How do you know if your beds need amending? Best not to guess. The reason for this is that we can't just look a soil as plain old dirt because there's much more to it than that. It's actually a complex mixture of organic materials, minerals, and other nutrients. Water needs to be able to move through it along with air and the plants roots and it needs to be able to keep plants upright. This means, it has to be fertile and has to have a good condition of texture.
Fertility is its quality of a combination of nutrients, microbes and Ph levels that can effectively provide a healthy home to your plants.
Texture is the size and structure of the soil itself in particles and cohesiveness and its ability to hold water and air. Poor soil will never really properly maintain a plants best health even with fertilization, because nutrients alone are only part of a healthy garden bed.

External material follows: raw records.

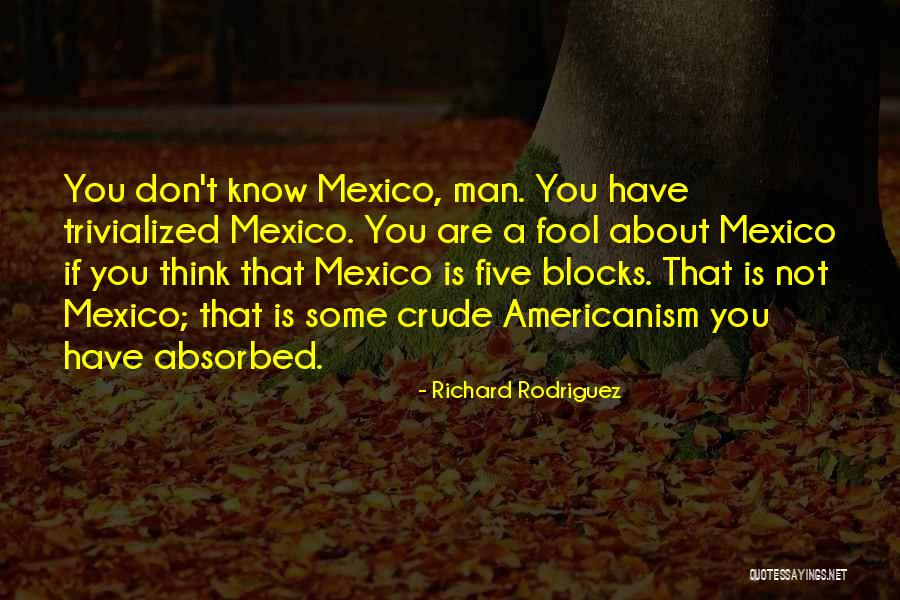 Sanarate Vs Coban Quotes By Richard Rodriguez Sanarate Vs Coban Quotes By Richard Rodriguez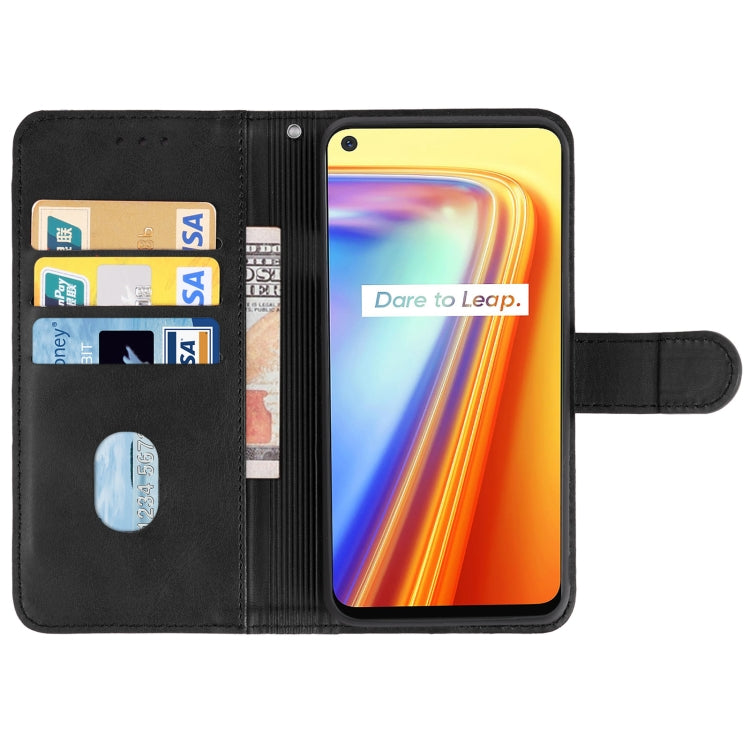 Leather Phone Case For OPPO Realme 7 Asia Version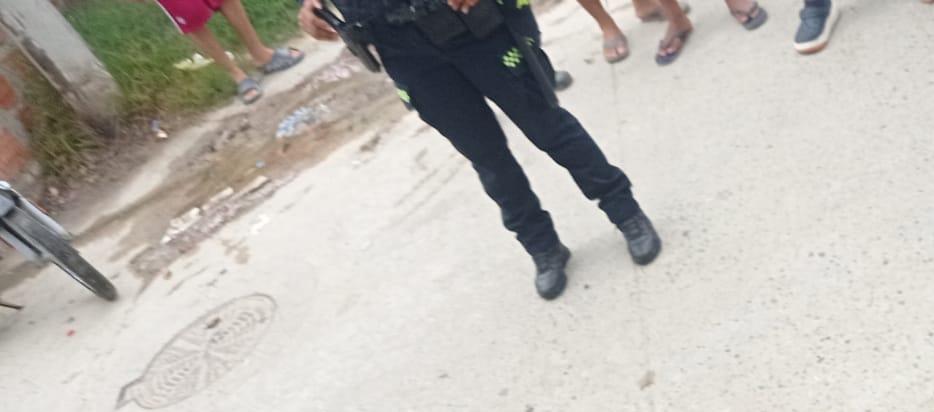 Lugar donde se registró el ataque. 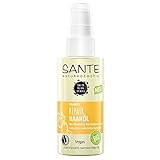 SANTE Naturkosmetik Reparierendes Haaröl für die ganze Familie, Vegane Formel mit Bio-Olivenöl...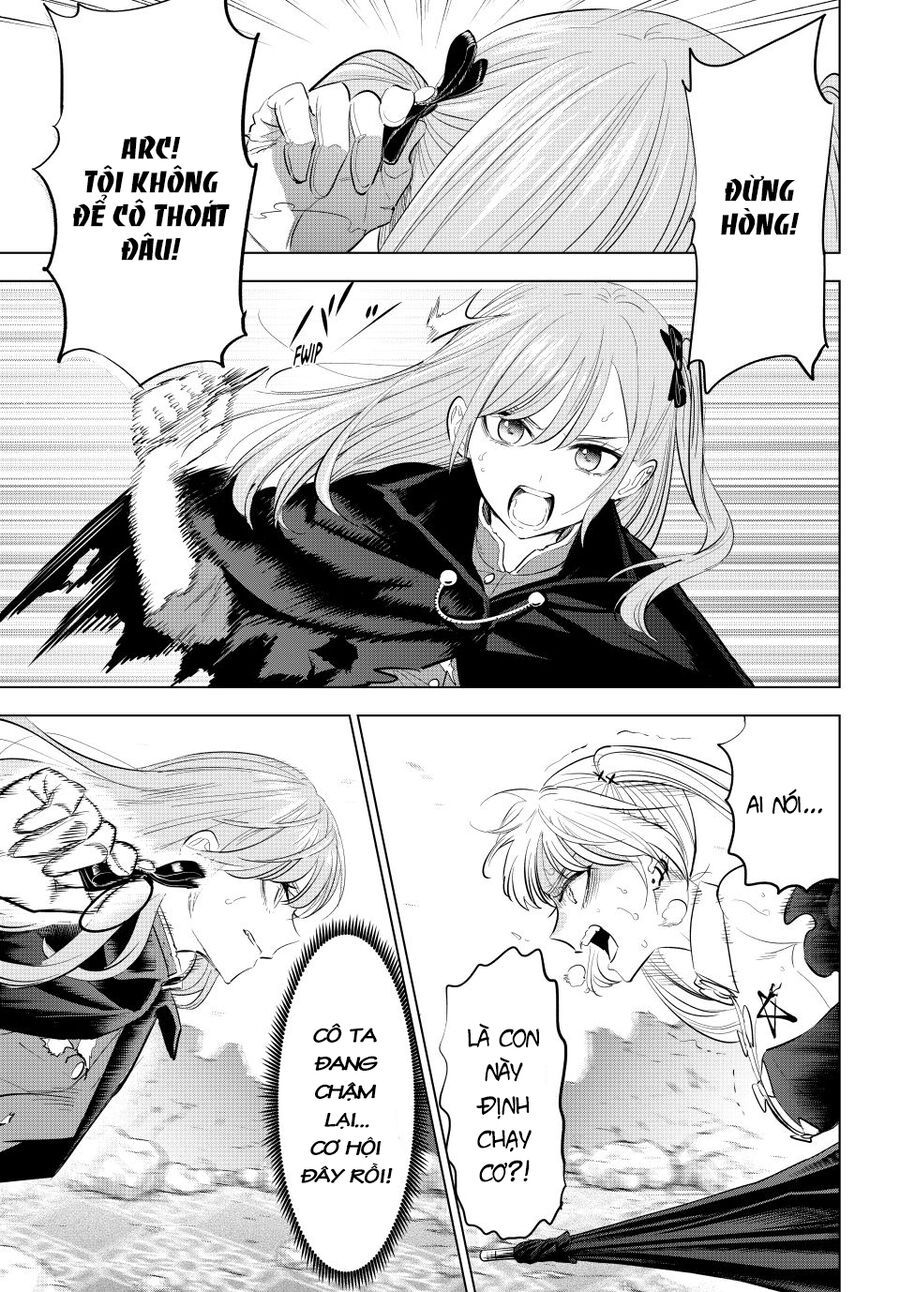 Hắc Miêu Và Lớp Học Phù Thủy Chapter 76 - Trang 2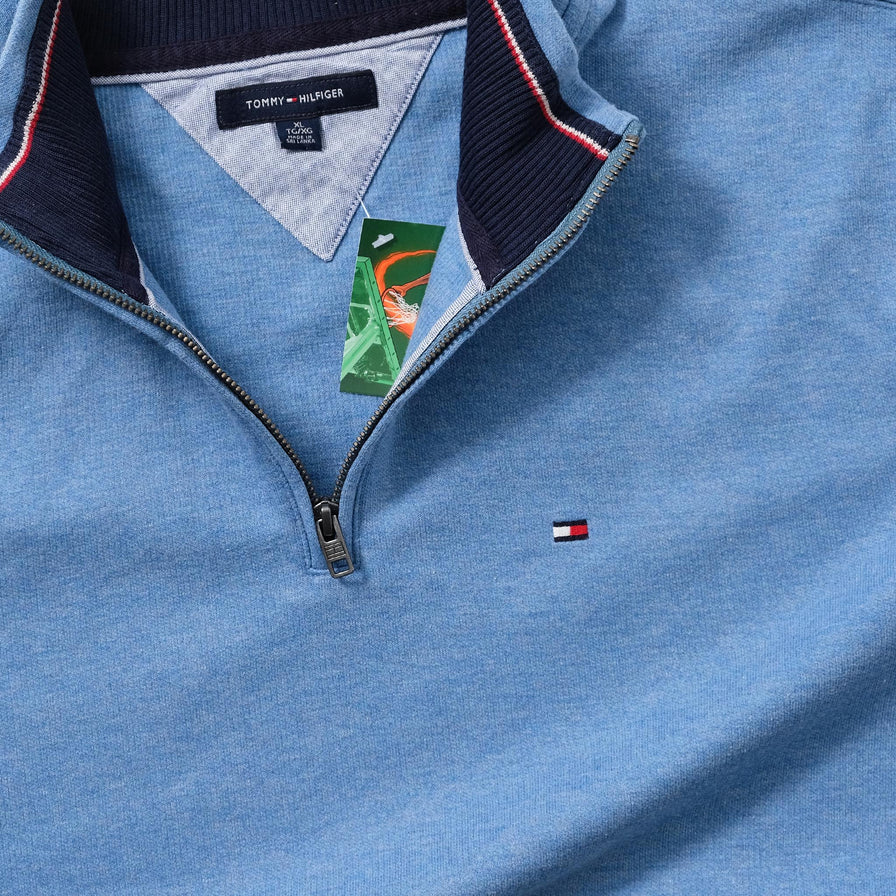 Tommy Hilfiger Q-Zip Sweater Large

A good soil is imperative for growing strong, well producing plants that are healthy enough to withstand pests and diseases. Regardless of whether you are starting from scratch or working in your own soil in an in-ground bed improving your soil is a constant practice. Your soil is like a website. It can be good for a period of time, but when things change or become stale it's time to improve what you have already done.
Living soil is what earth naturally is. It is made up of many differing organic mediums, microorganisms, fungi, bacteria, minerals and structures and even animals in the case of worms. A good balance between these portions is what it takes to have the healthiest of plants. Happy plants produce more, flowers, fruit, vegetables and foliage than plants that lack what they need.
Just like your plants need to be fed, so does your soil in order to provide a nourishing environment to grow your plants.
That being said, there is no real right nor wrong way to amend your soil, unless you are not adding to your soil at all, because that is the only wrong answer.
Your soil is basically a nutrient field for your plants. Think of a cow grazing a pasture. The soil feeds your plants, so the more fertile it is, the better for your plants. If the cow was grazing in a parking lot, how do you think it will do over a summer? So, it's the same with your plant material and organic material is key. Organic matter is anything that contains carbon compounds that were created by living organisms. Some examples are plant debris, shredded leaves, animal manure, and grass clippings.
These promote a bio diverse mix that also address aeration and drainage. Organic material improves soil structure, binding pollutants, and aiding in soil buffering which basically means the ability of your soils to resist changes in pH.
Adding organic material to your soil works because organisms in your soil break down organic matter and convert it into nutrient-rich humus. As organisms feed on the organic matter, they tunnel and create pockets and lighten the soil allowing air and water to reach the roots.
A soil that starts out as mostly heavy clay will compact easily. It may become waterlogged, or prevent air and water, along with the nutrients from reaching plant roots. So, amending your soil matters a lot here in Calgary as we have a very heavy clay-based soil.
Know what plants you want and where may help you decide what to use when it comes to amending your soil. For instance, grapes love a sandy well drained yet rich soil and potatoes don't like manure. So, it can be beneficial to know which plants like what amendments.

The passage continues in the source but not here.